- Head coach: Lon Darling (8–4) Gene Englund & Eddie Riska (interim player-coaches; 18–16) Gene Englund & Glen Selbo (interim player-coaches; 11–7 + Playoffs)
- General manager: Lon Darling
- Owner: Lon Darling
- Arena: South Park School Gymnasium

Results
- Record: 37–27 (.578)
- Place: Division: 1st (Western)
- Playoff finish: Lost to Anderson Duffey Packers in NBL Championship, 3–0

= 1948–49 Oshkosh All-Stars season =

NBL professional basketball team season

The 1948–49 Oshkosh All-Stars season was the All-Stars' twelfth and final year in the United States' National Basketball League (NBL), which was also the twelfth and final year the league existed. However, if one were to include the independent seasons they played starting all the way back in 1929 before beginning their NBL tenure in 1937, this would officially be their nineteenth (and final (major)) season of play instead. Following Oshkosh's failure to defect alongside the Toledo Jeeps (who folded operations by the start of this season) from the NBL to the rivaling Basketball Association of America after the Fort Wayne Zollner Pistons, Indianapolis Kautskys, the most recent NBL champion Minneapolis Lakers, and runner-up Rochester Royals successfully switched leagues themselves, the final NBL season would see nine total teams playing in the league (with one team folding operations during its season and having another team immediately take over its spot and position soon afterward), with four (though it could technically been seen as five) teams playing in the Eastern Division and five teams (including Oshkosh) playing in the Western Division.
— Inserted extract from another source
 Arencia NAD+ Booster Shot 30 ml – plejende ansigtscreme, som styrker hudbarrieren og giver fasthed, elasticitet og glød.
The All-Stars played their home games at the South Park School Gymnasium in the South Park Middle School within the Oshkosh Area School District, which would end up proving to be their greatest detriment by this point in their history, as noted by how many neutral-hosted games they would play while in the state of Wisconsin during this season, never mind other areas held within this season.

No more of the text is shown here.